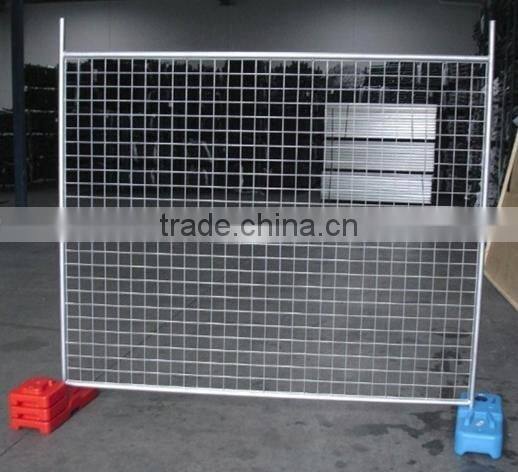 Temporary Modular Fencing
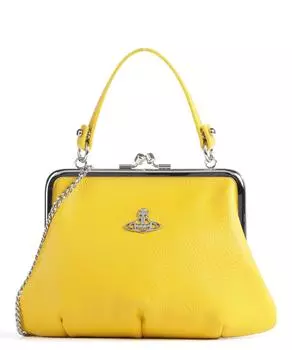 Сумка через плечо Granny из переработанного полиуретана. Vivienne Westwood, желтый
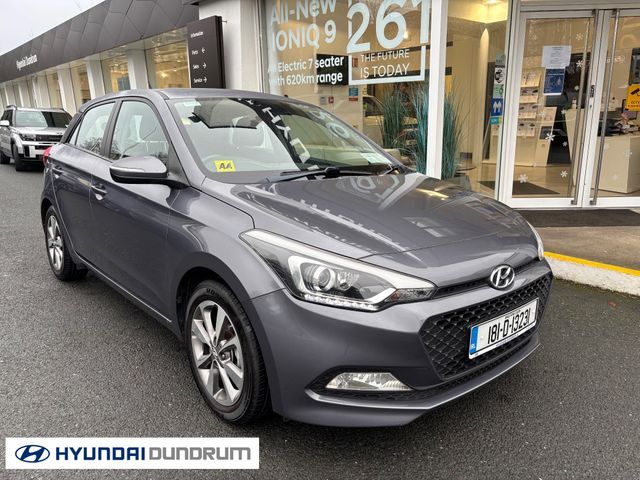 Image for 2018 Hyundai i20 Active Deluxe 5DR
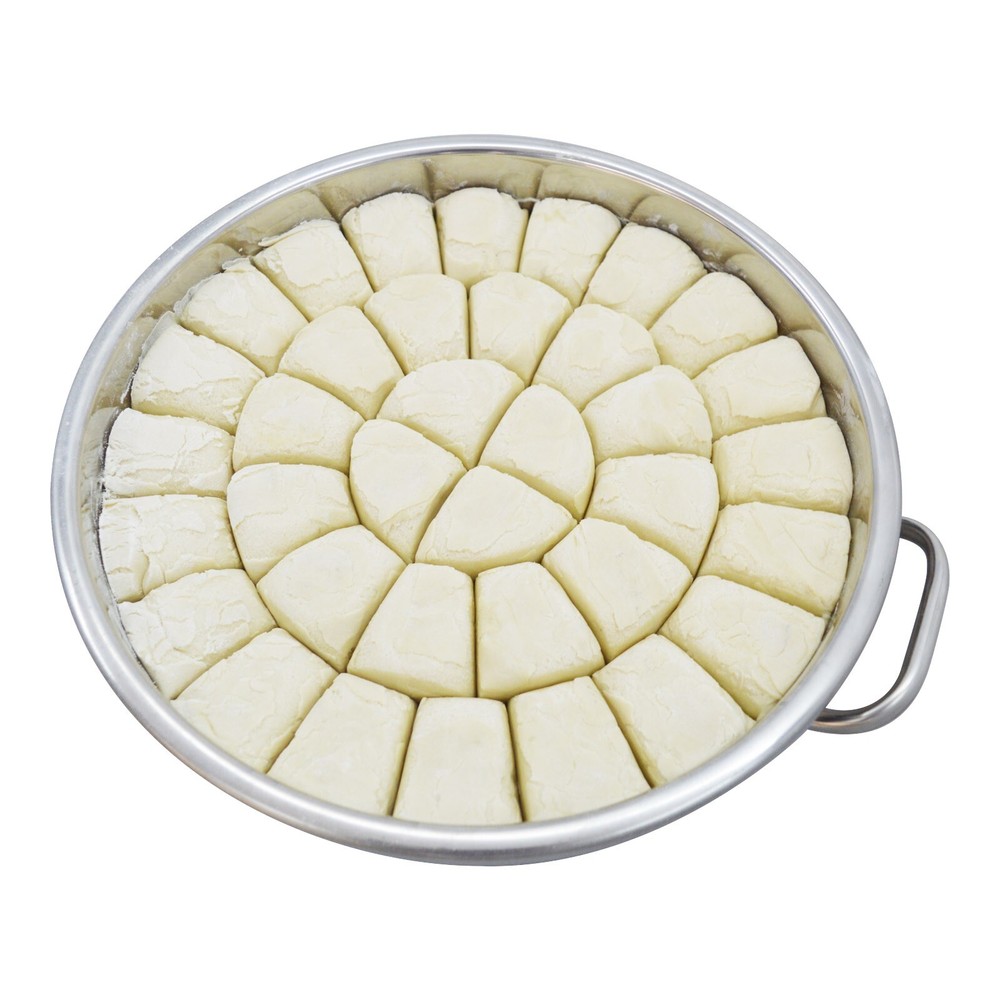 12PCS Table Manual Dough Divider Cutter Manual Press Dividing Machine Bread Make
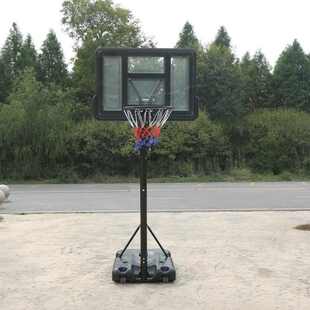室内户外儿童手拉升降篮球架幼儿园儿童训练专用可移动升降篮球架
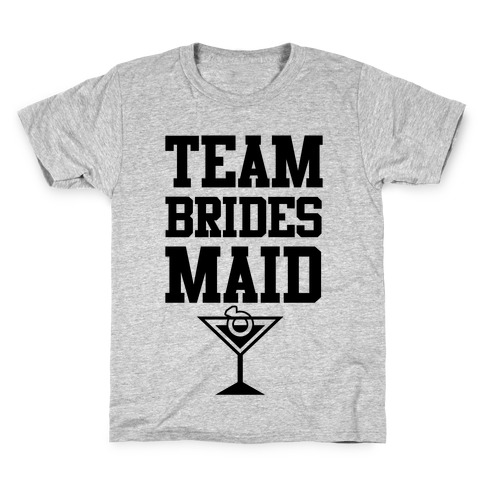 Team Bridesmaid Kids T-Shirt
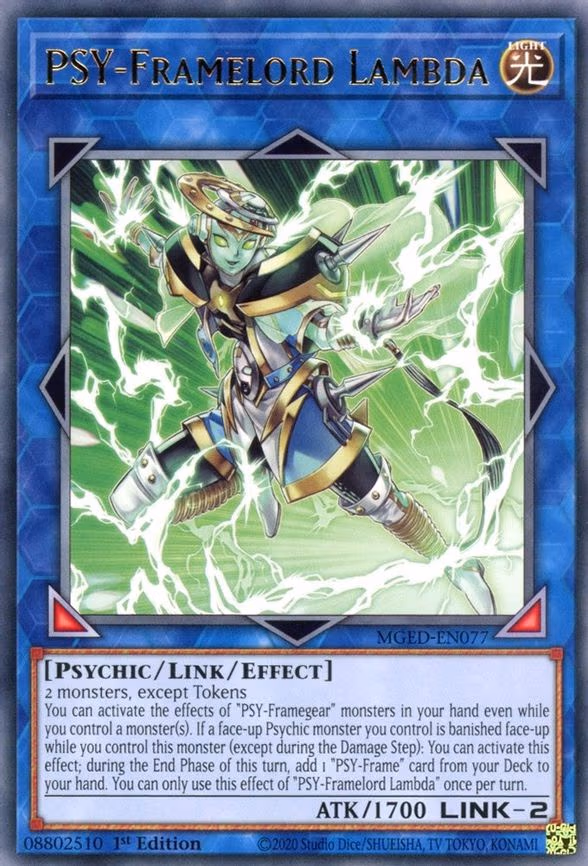 PSY-Framelord Lambda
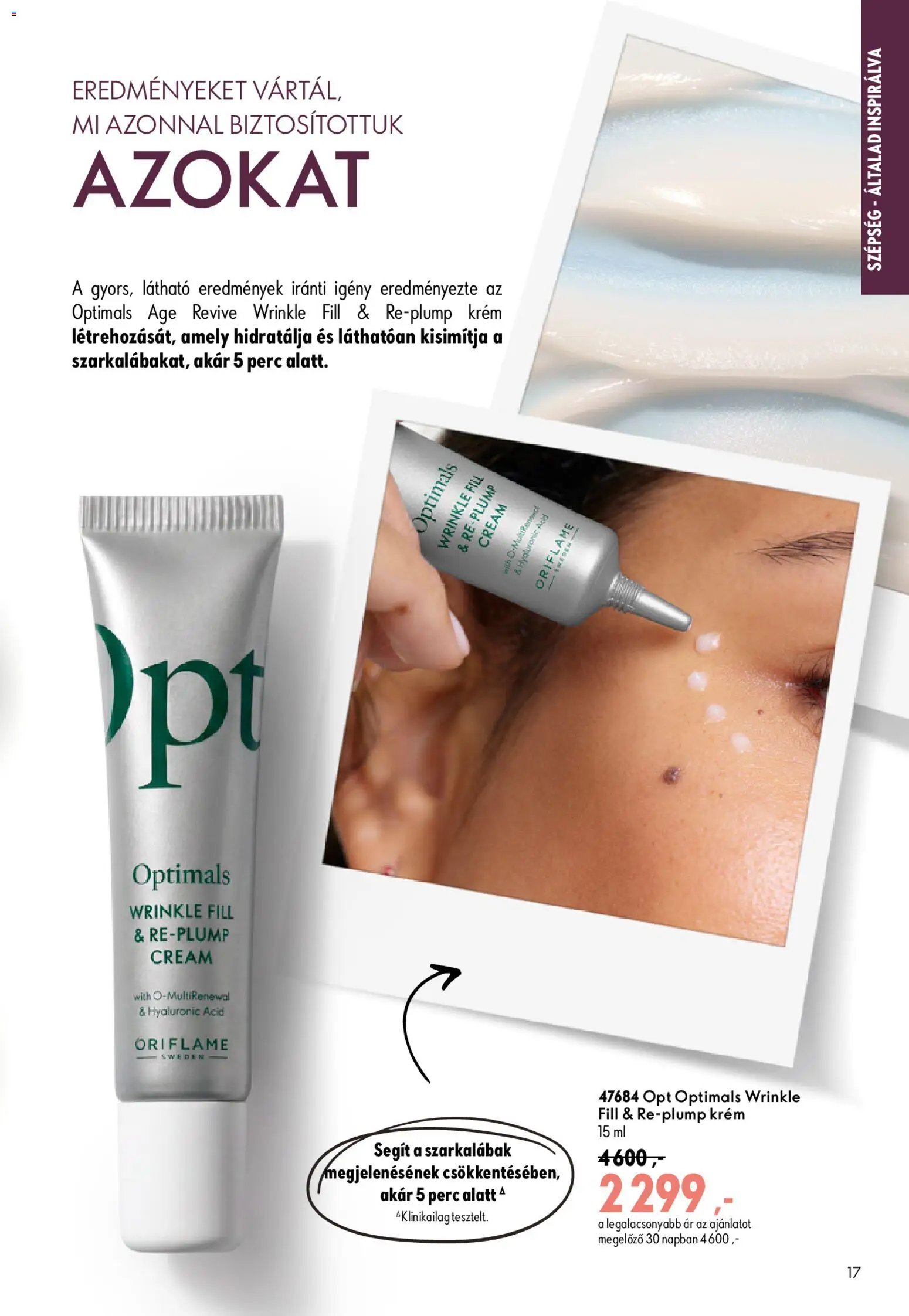Oriflame újság 2026.09.09. Oriflame katalógus 2026/13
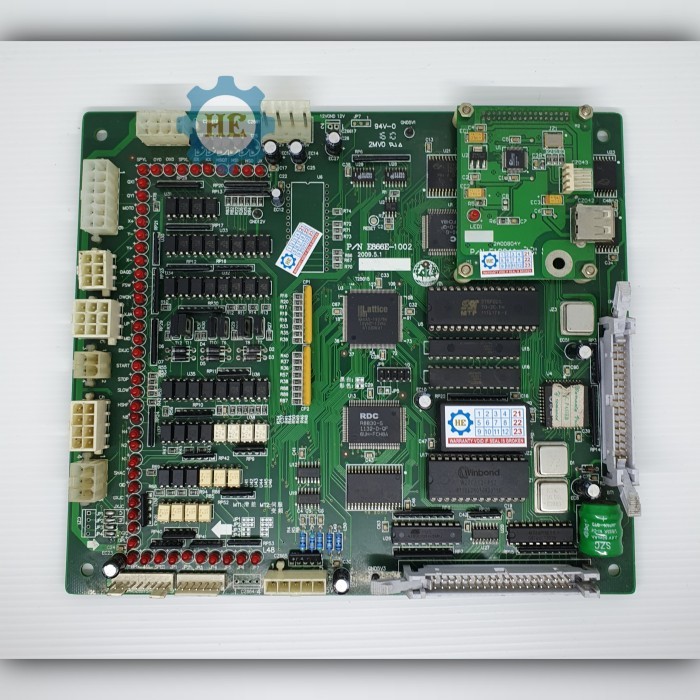 MAINBOARD E866 SECOND ORIGINAL DAHAO / SPAREPART MESIN BORDIR KOMPUTER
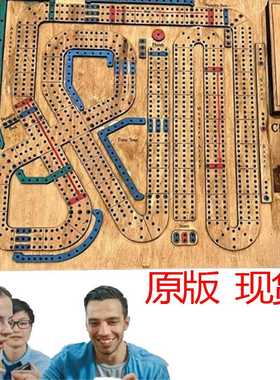 Cribbage Wars Board Game 克里比奇战争游戏 经典游戏有趣新元素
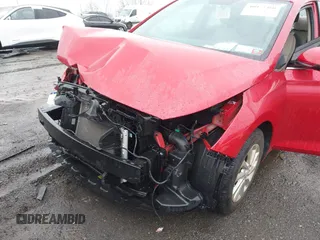 2022 Hyundai Accent SE with VIN 3KPC24A69NE180546, listed as a IAAI auction lot 40977460 with 16,559 mi miles and . Bid and sale history available at carsss.com. Image 6.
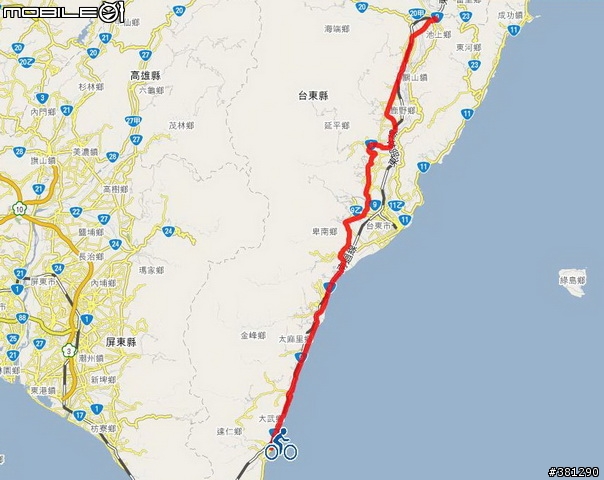 TORO單騎環台之旅/GPS即時定位回傳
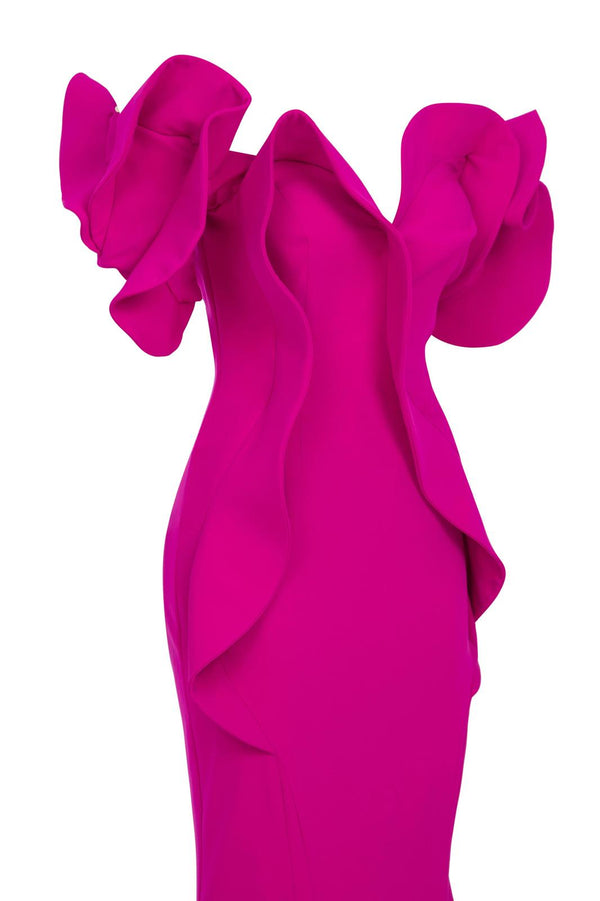 Fouad Sarkis 2328 Couture Evening Gown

------------------------------------------------------------------------

With the pictures left out, copy exactly the lines from the one containing "PSY-Framelord Lambda" through the final line of the records above, both included.

 PSY-Framelord Lambda
Oriflame újság 2026.09.09. Oriflame katalógus 2026/13
 MAINBOARD E866 SECOND ORIGINAL DAHAO / SPAREPART MESIN BORDIR KOMPUTER
 Cribbage Wars Board Game 克里比奇战争游戏 经典游戏有趣新元素
 2022 Hyundai Accent SE with VIN 3KPC24A69NE180546, listed as a IAAI auction lot 40977460 with 16,559 mi miles and . Bid and sale history available at carsss.com. Image 6.
 TORO單騎環台之旅/GPS即時定位回傳
 Fouad Sarkis 2328 Couture Evening Gown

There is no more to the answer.